The Etan Patz case had impact abroad because it slowly built
awareness about the issue as it was changing enforcement
strategies in the United States. A wait and see attitude
about missing children eventually evolved into an
aggressive Amber Alert system that enlisted the public
into searches through television announcements and
postings on electronic highway billboards.
Those strategies came later in Europe, prompted by several high
profile cases, particularly the disappearance of
Madeleine McCann.

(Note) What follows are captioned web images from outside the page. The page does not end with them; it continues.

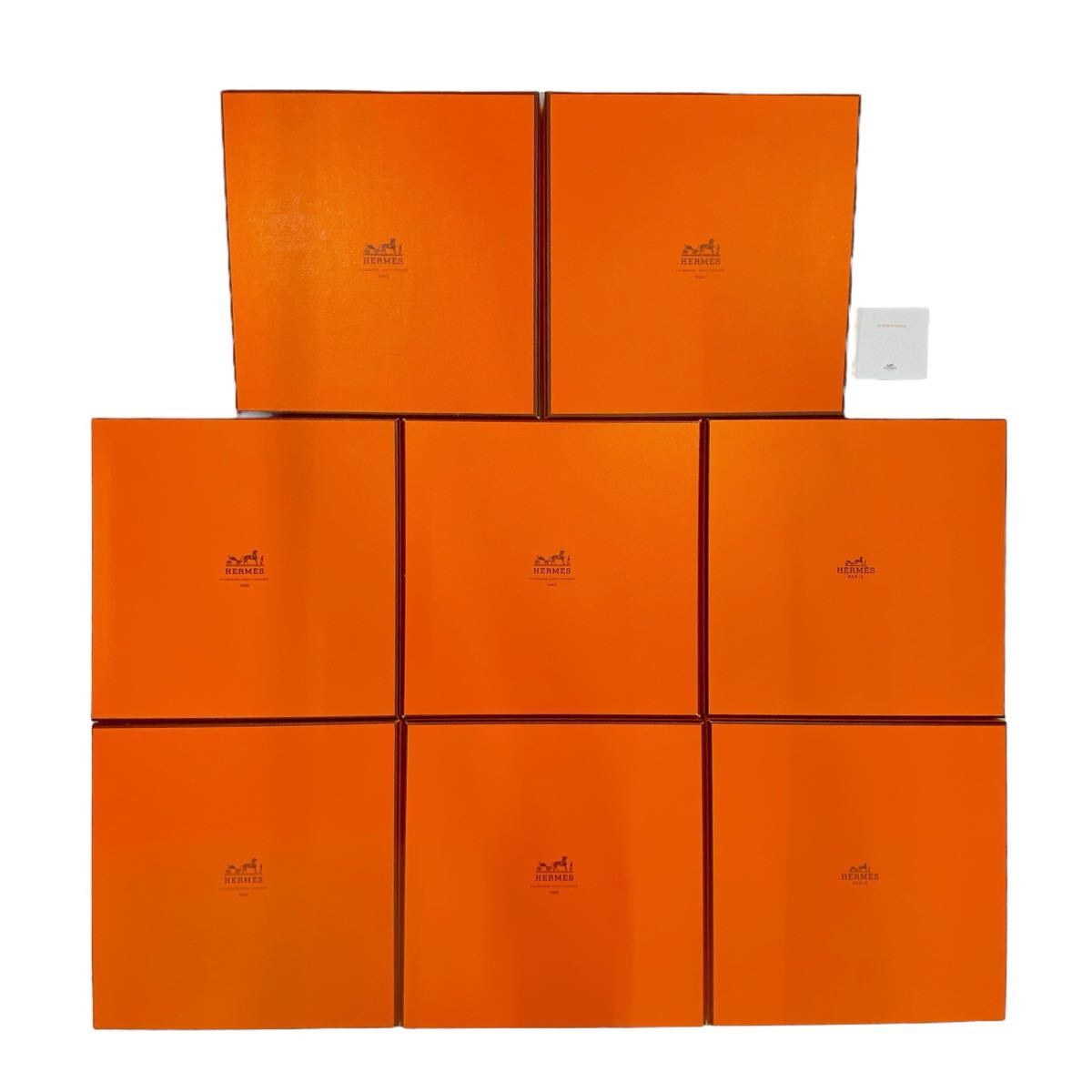 Yahoo!オークション -「エルメス 空箱 スカーフ」の落札相場・落札価格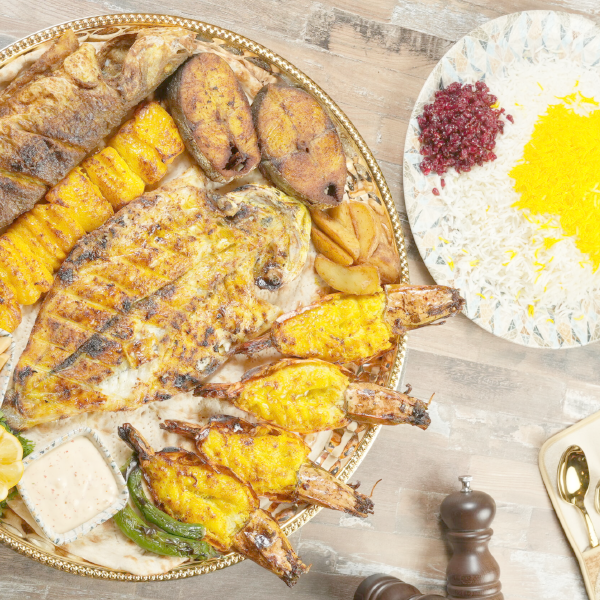 MIX SEAFOOD WITH RICE (FOR 4)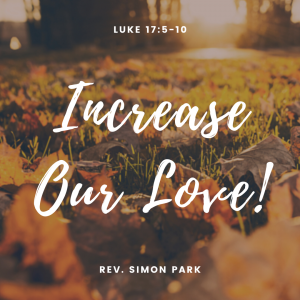 Increase Our Love!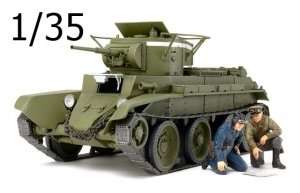 Tamiya 35309 Russian Tank BT-7 Model 1935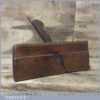 Vintage C. Nurse & Co No: 6 Hollowing Beechwood Moulding Plane - Good Condition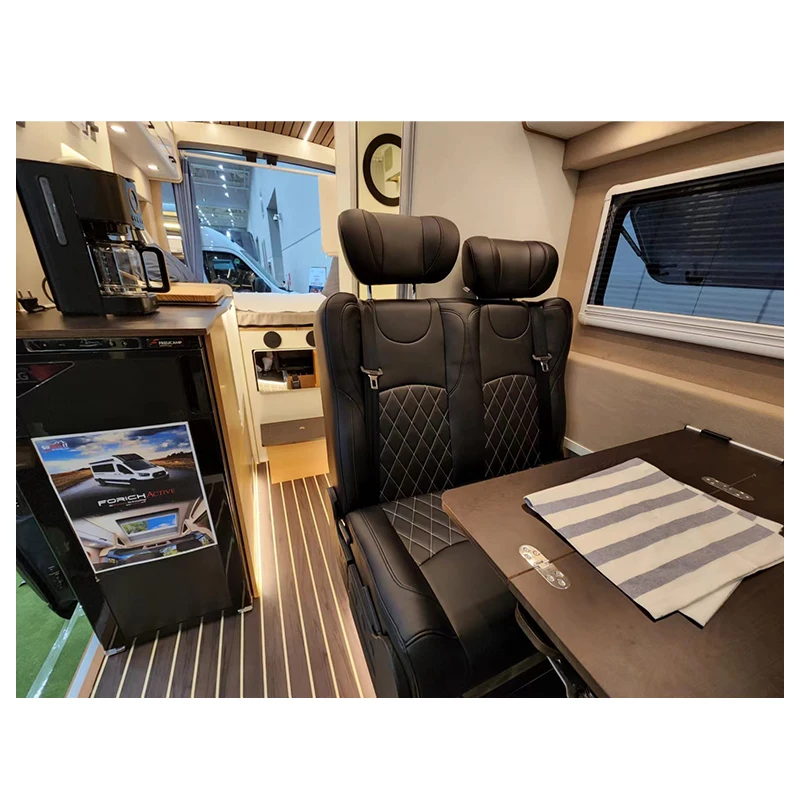 HWHongRV Campervan and Motorhomes seats bed solutions Camper van Folding Bed Seat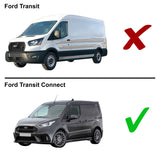 Rear Side 2nd Row Sunshades for 2014-2023 Ford Transit Connect (Set of 2)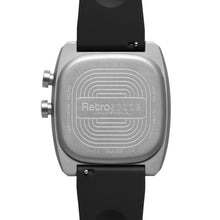 Load image into Gallery viewer, Xeric Retroscope Jump Hour Silver Black - Add-on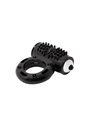 Baile Power Ring - Anello Fallico Vibrante Nero 10 Funzioni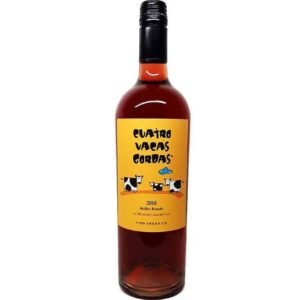 VINO CUATRO VACAS MALBEC ROSADO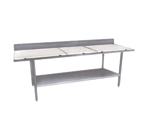 image of Winholt DPTSB-3660 60" Poly Top Work Table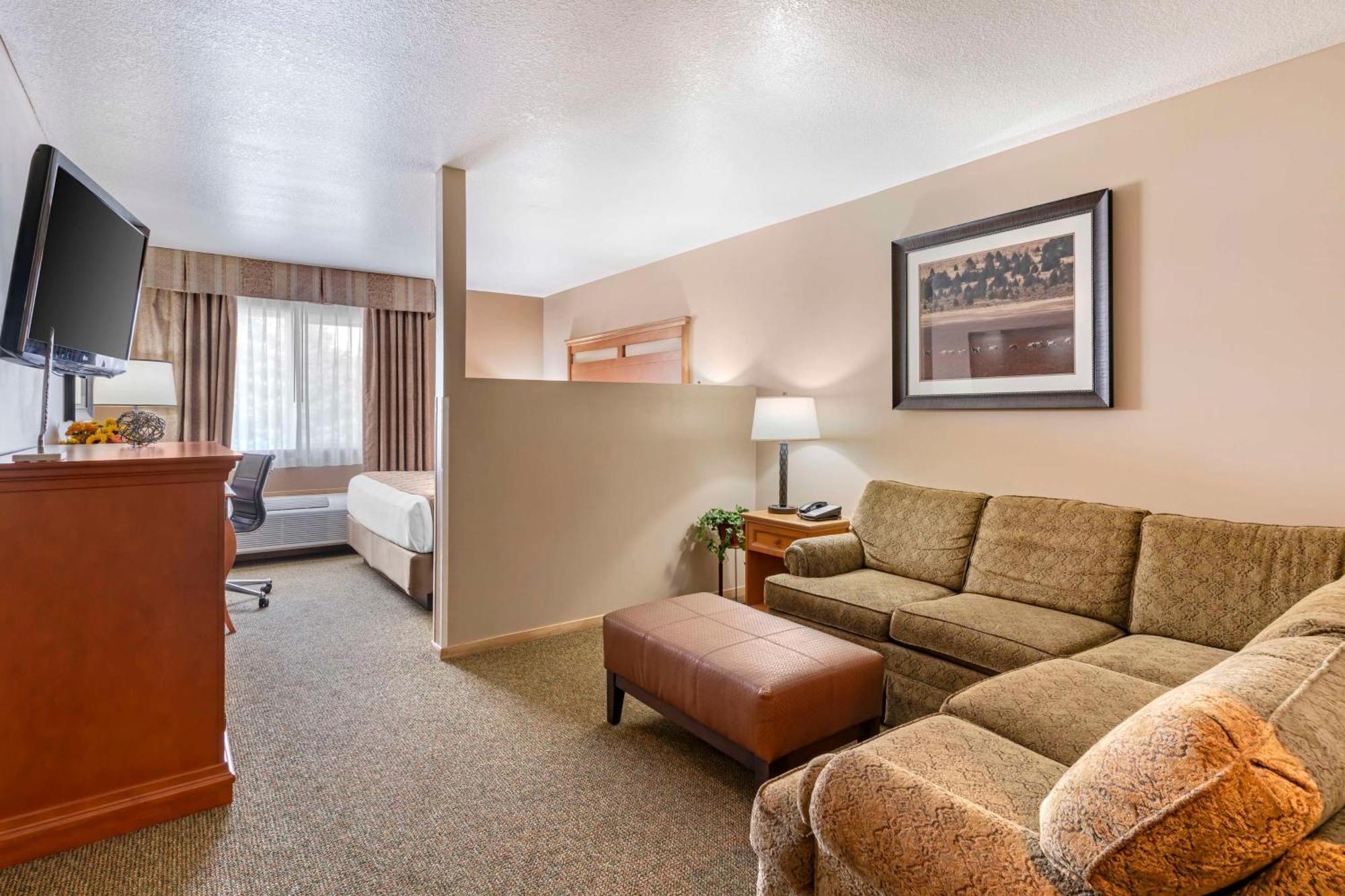 Best Western Rory & Ryan Inns Burns Exterior foto
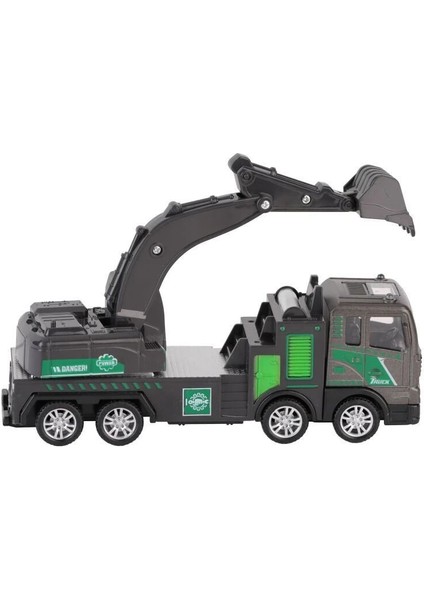 YH-711-50A Sürtmeli Metal 1:50 Füme Vinç ve modelleri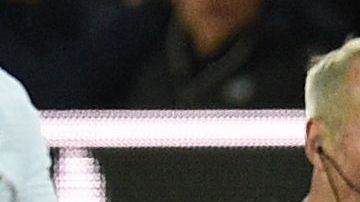 Heung Min Son no pudo contener el llanto al ver la fractur de André Gomes.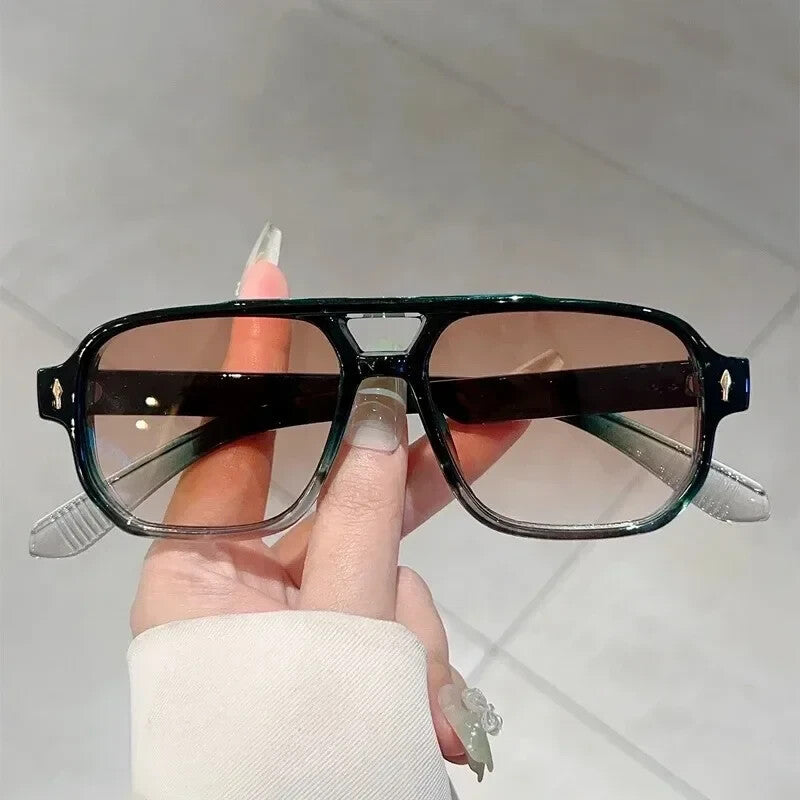 Unisex Luxury Style Sun Glasses Retro Style Shades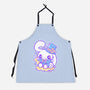 Cinnamoroll In The Clouds-Unisex-Kitchen-Apron-Panchi Art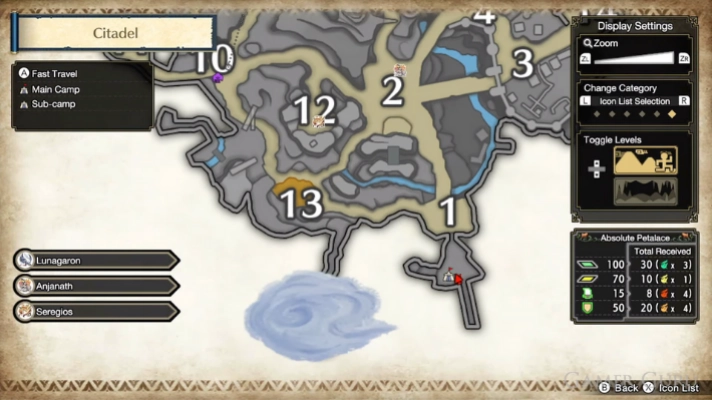 Monster Hunter Rise Sunbreak - Citadel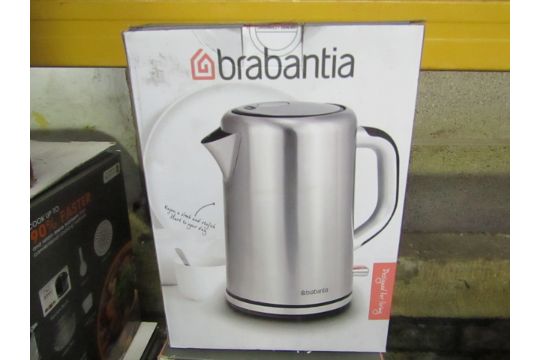 brabantia cordless kettle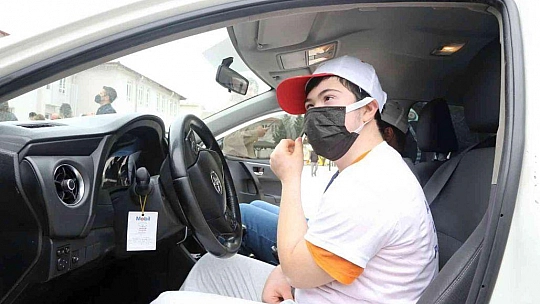 Polis özel bireyler ile bir araya geldi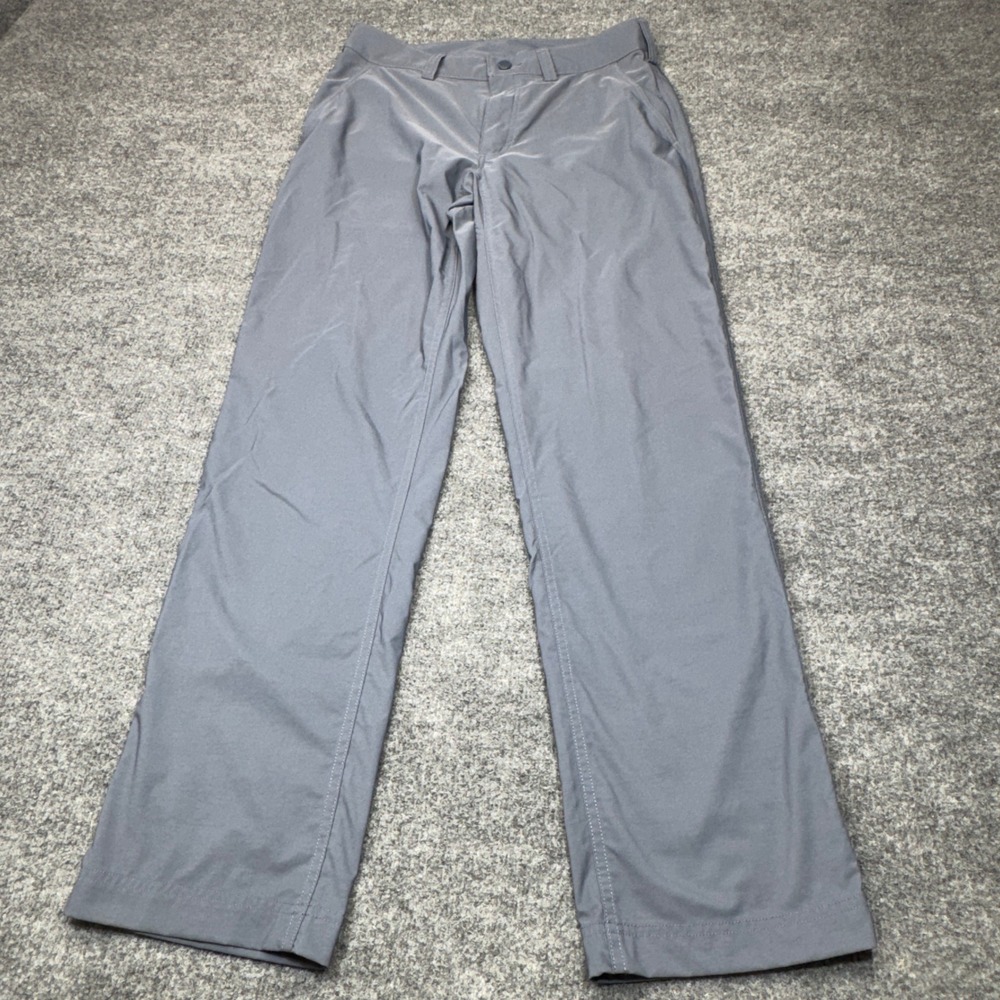 Duluth Trading Co Pants Mens 32x32 Blue Armachillo Chino Lightweight Hiking Work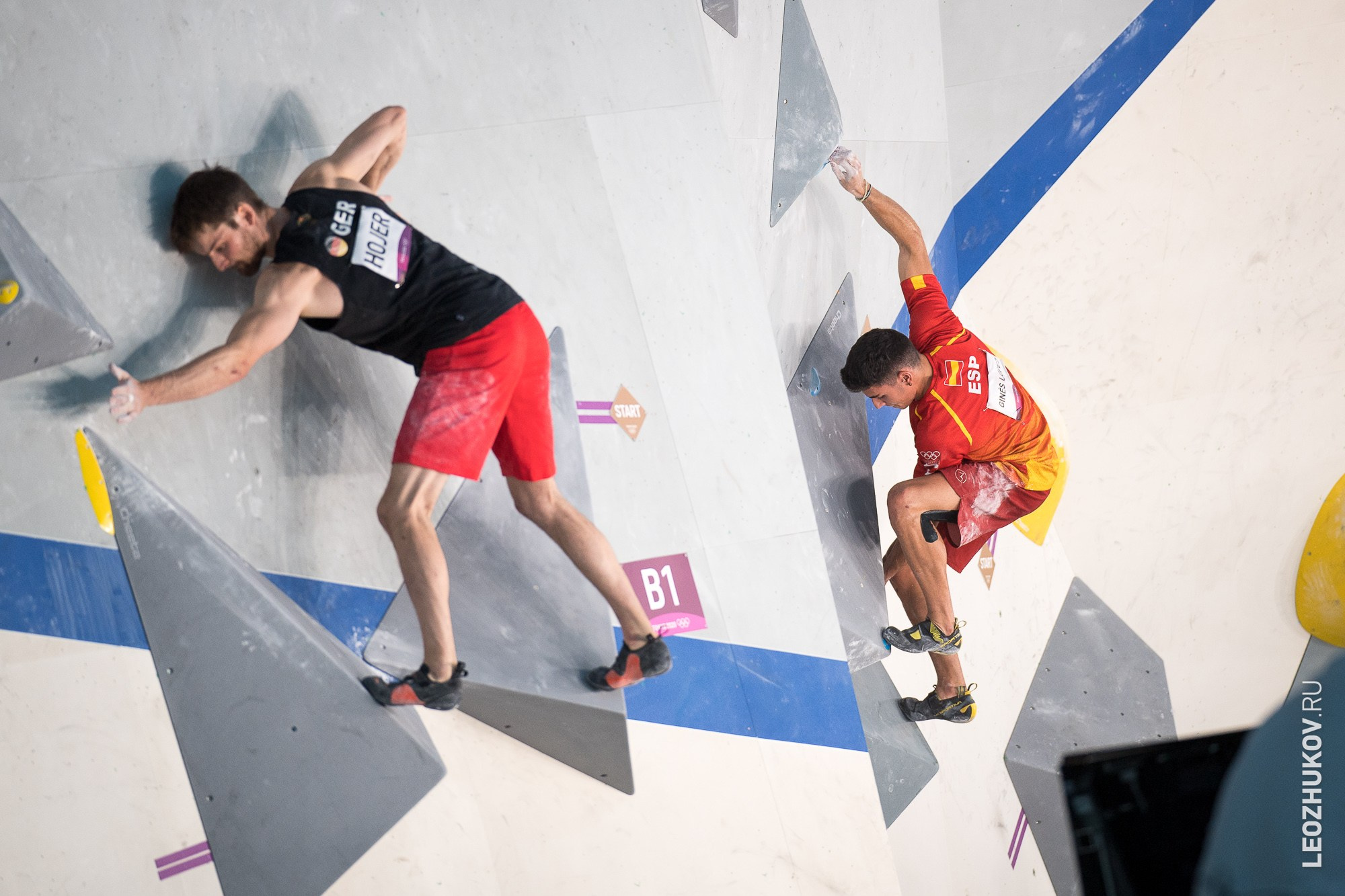 Tokyo-2020 Olympic games. Sports photographer Leonid Zhukov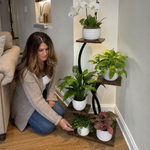 PLANT STAND WITH GROW LIGHTS – MULTI-TIER INDOOR SHELF - 2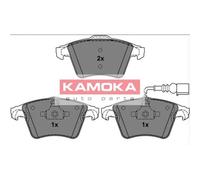 KAMOKA Plaquette de Freins Bremsbelegsatz Avant pour VW Multivan V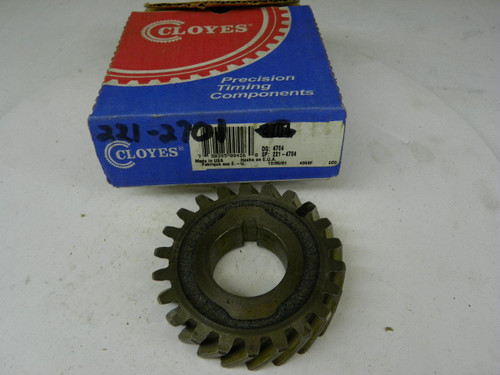 Cloyes 2701 Crank Gear for 1948-1953 Ford Mercury V8 22T restoration. - Image 1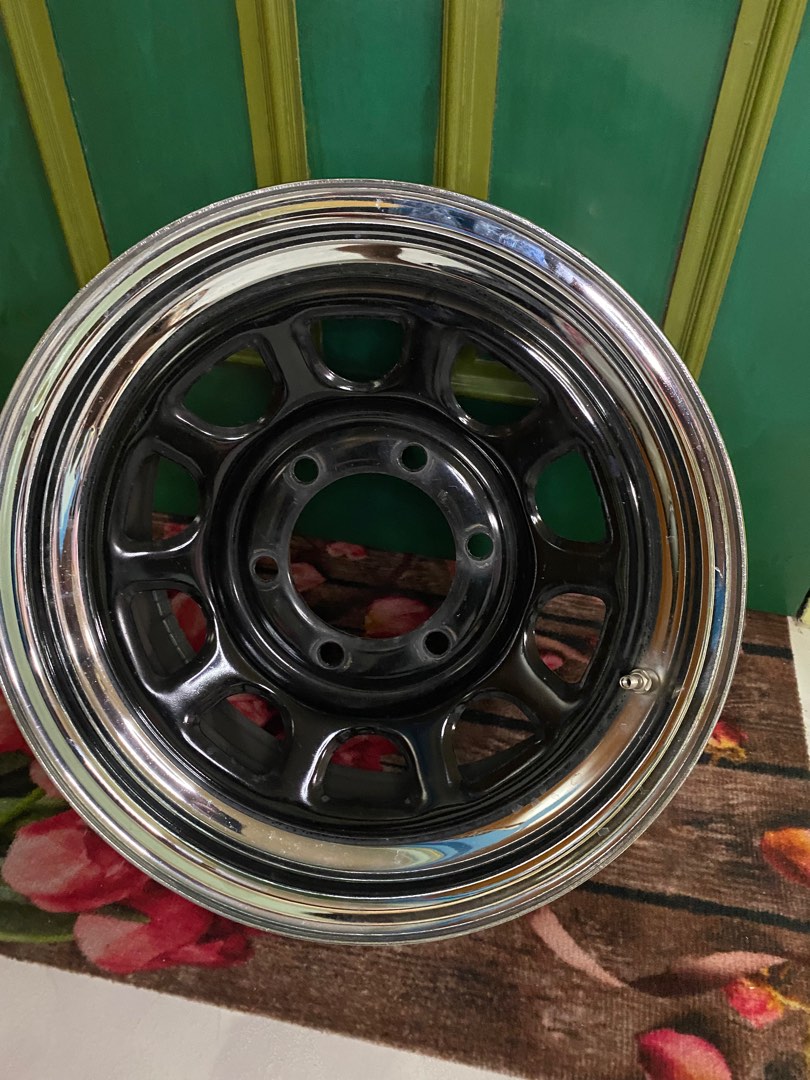 Hiace Rims, Car Accessories, Tyres & Rims on Carousell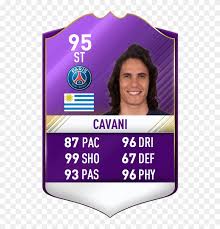 View his overall, offense & defense attributes, compare him with other players in the game. Fifa 17 Pots Cavani Fut Card Nainggolan Tots Fifa 17 Hd Png Download 540x810 2681678 Pngfind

At age 3, she vanished in Portugal in
2007 while her British family was on a resort vacation.
“Every high-profile case, unfortunately, helps raise awareness of
missing children and what people usually do not know is
that those cases represent just a small percentage of
the overall cases,” said Valeria Setti, a project
officer with Missing Children Europe, a Brussels
organization with member groups in 20 countries in
Europe. More than 60 percent of missing children in
Europe are runaways, most frequently teen girls, and 25
percent of disappearances involved parental abductions,
she added.
The Madeleine McCann case inspired closer cross-border
coordination, amid criticism of the slow response of the
Portuguese police investigation. It also helped give
rise to a new, confidential hotline, 116000, this month
to report sightings of missing children and offer
support and psychological counseling to parents in a
crisis.
The free service is available 24 hours a day in 16 European
countries, including Portugal, France, Spain and
Germany. “I think that Europe woke up then and the
institutions understood that they had to take some
steps,” Ms. Setti said.
The McCann family, whose ceaseless energy has kept the case in the
international spotlight, has also publicly supported the
new help number, calling it a “lifeline” for parents and
part of a shift in attitudes among politicians to
provide more resources.
They are also among the families who have turned to specialists to
transform the missing posters of their children into
teens, releasing a photo this month of Madeleine where
she is aged to look 9 years old.
Éric Mouzin, the father of Estelle who disappeared at age 9 in
France in 2003, has also issued an age-enhanced photo of
his daughter who was last seen walking home on a snowy
January day. It was her case that helped give rise to
France’s abduction alert system in 2006. Since it was
introduced, it has been used 10 times and all of the
children were found — eight as a direct result of the
alerts, according to Missing Children Europe.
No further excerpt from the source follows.